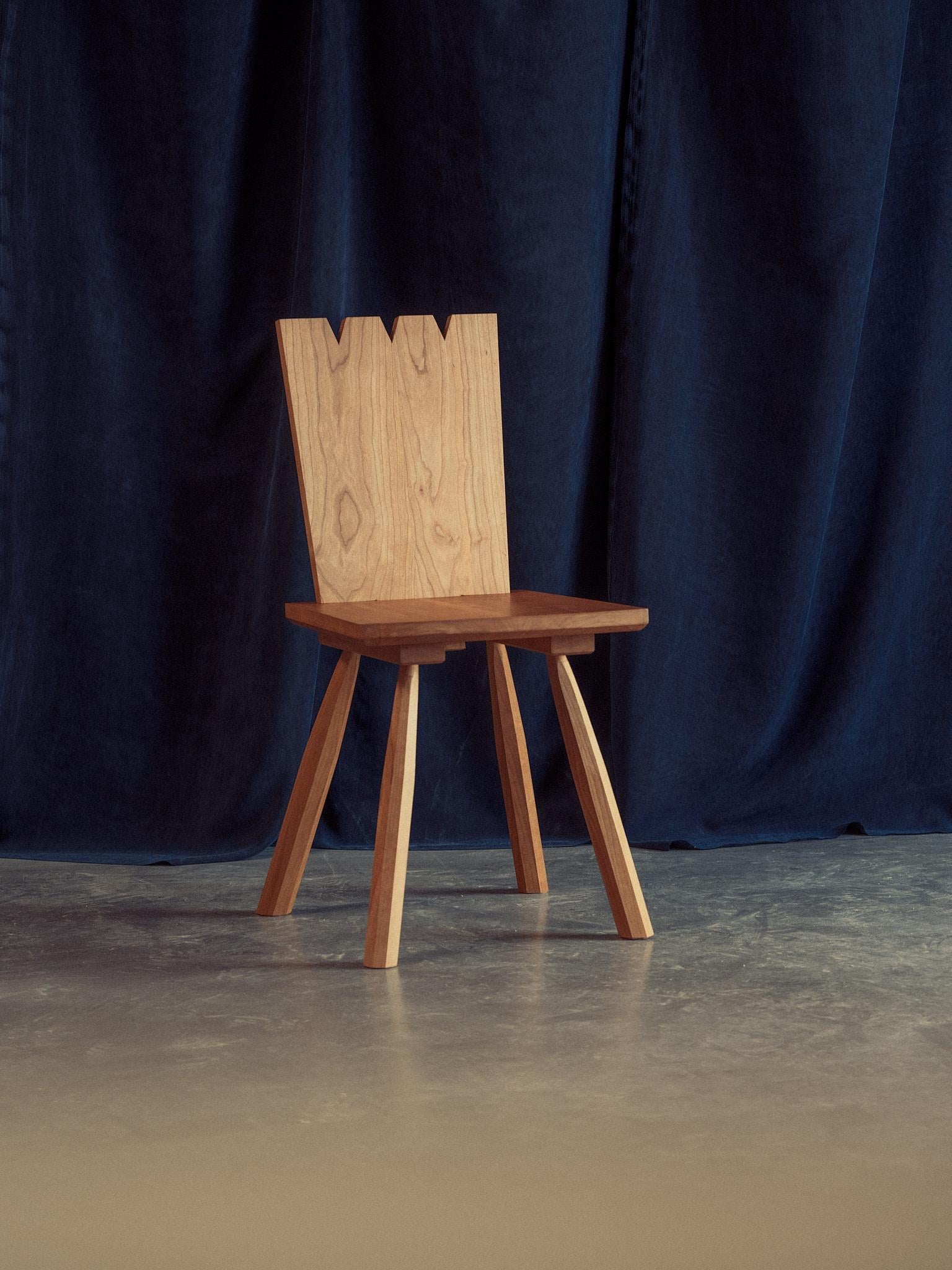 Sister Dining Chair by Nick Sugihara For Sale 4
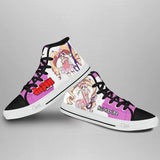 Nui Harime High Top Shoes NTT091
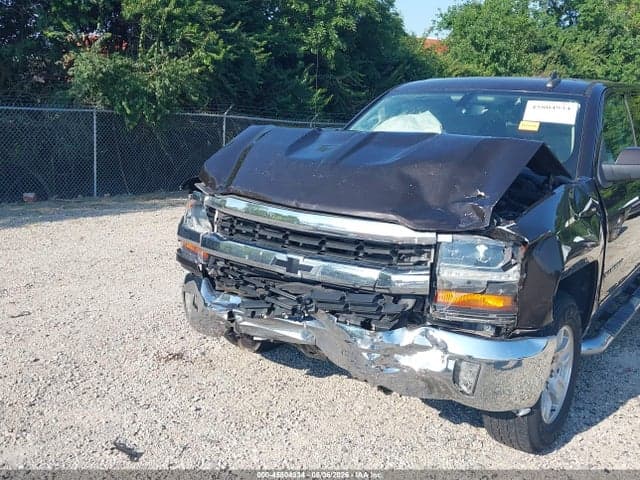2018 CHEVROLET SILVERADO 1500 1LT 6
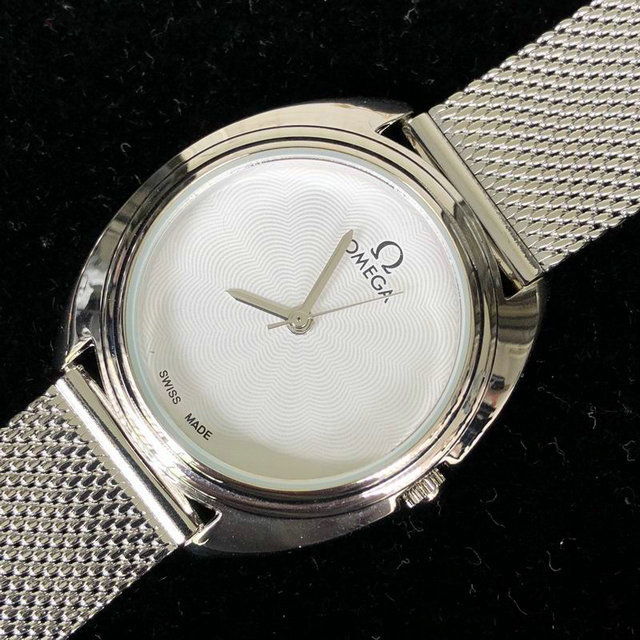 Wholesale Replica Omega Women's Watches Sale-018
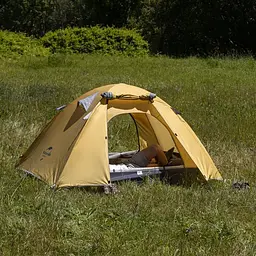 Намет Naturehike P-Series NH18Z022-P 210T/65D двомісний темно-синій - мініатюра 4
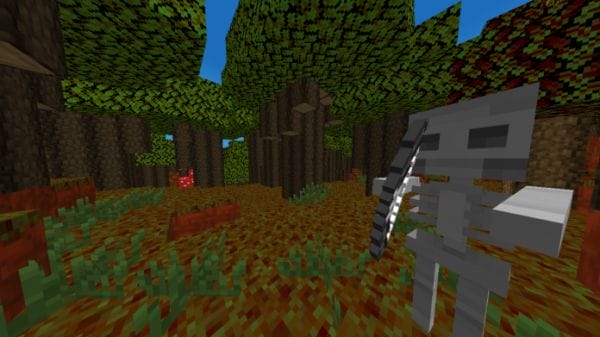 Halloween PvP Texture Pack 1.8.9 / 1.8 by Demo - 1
* * *
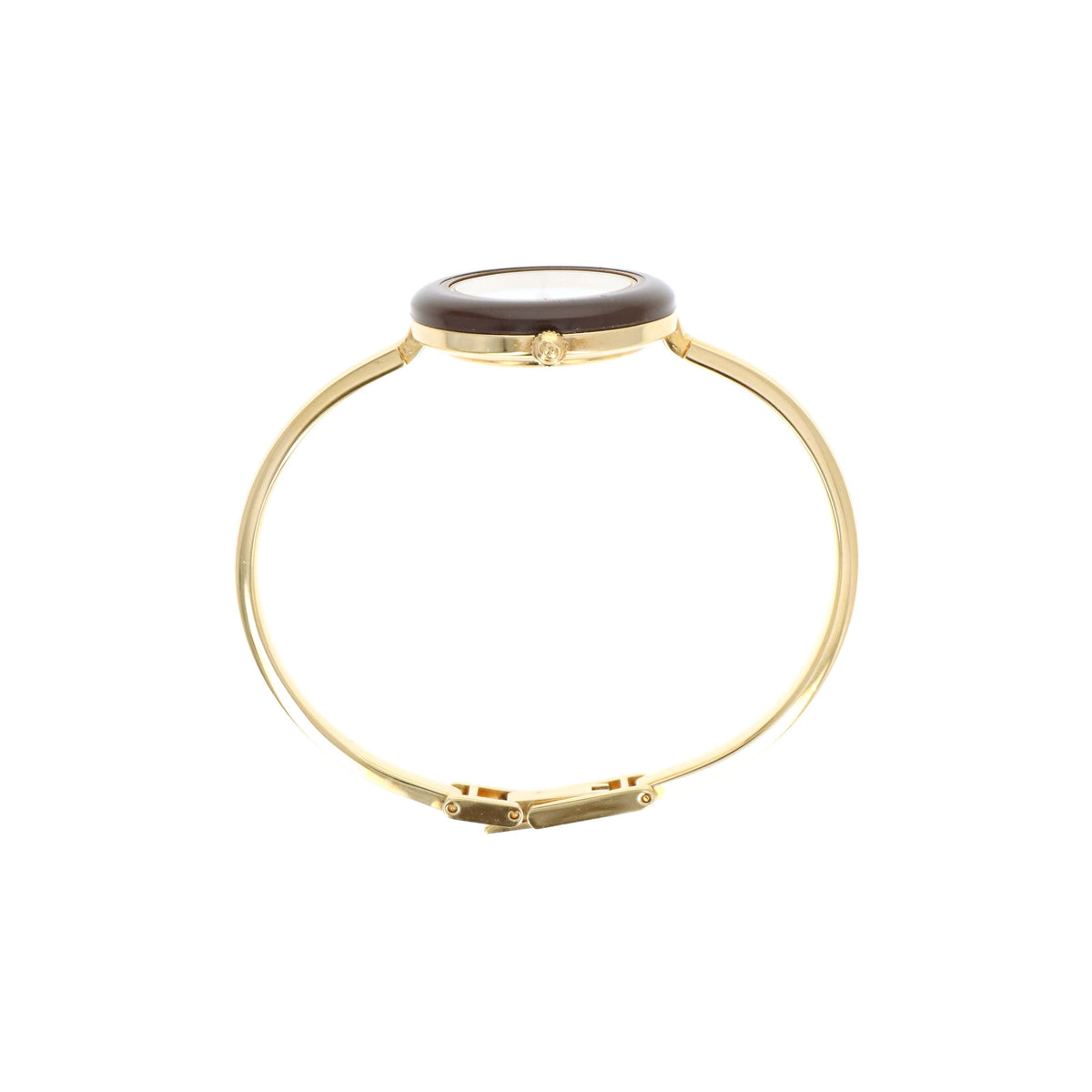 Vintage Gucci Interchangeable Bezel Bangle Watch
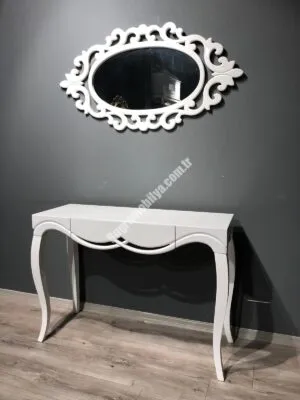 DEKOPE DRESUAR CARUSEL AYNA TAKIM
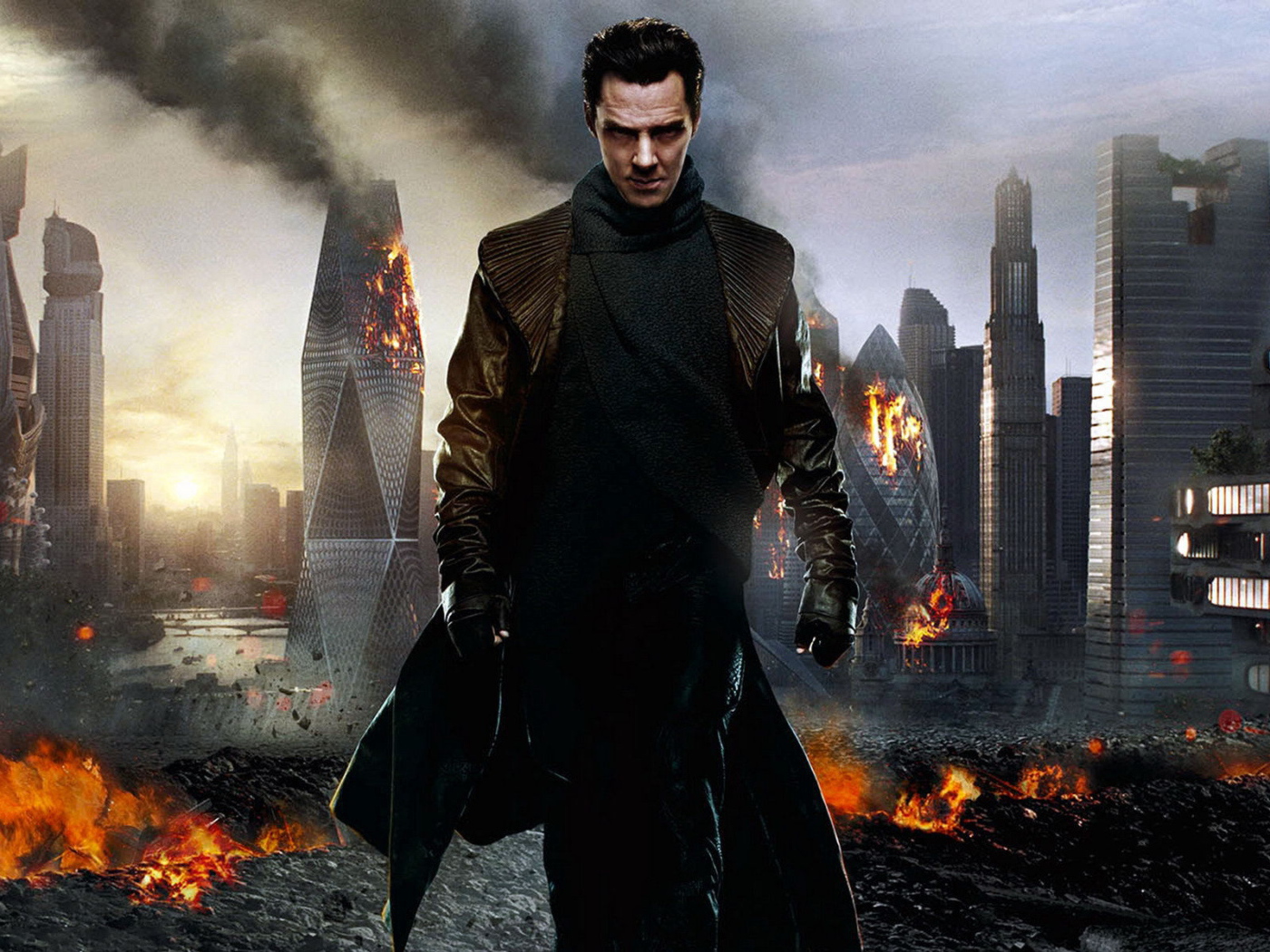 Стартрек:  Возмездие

[WORK TO BE COMPLETED] Where a picture appears in the records above, omit it, and transcribe exactly the stretch of lines from the one with "Sister Dining Chair" through the one with "Halloween PvP Texture".

[FINISHED TASK]
 Sister Dining Chair by Nick Sugihara For Sale 4
 Nui Harime High Top Shoes NTT091
2018 CHEVROLET SILVERADO 1500 1LT 6
 Wholesale Replica Omega Women's Watches Sale-018
 Намет Naturehike P-Series NH18Z022-P 210T/65D двомісний темно-синій - мініатюра 4
 Halloween PvP Texture Pack 1.8.9 / 1.8 by Demo - 1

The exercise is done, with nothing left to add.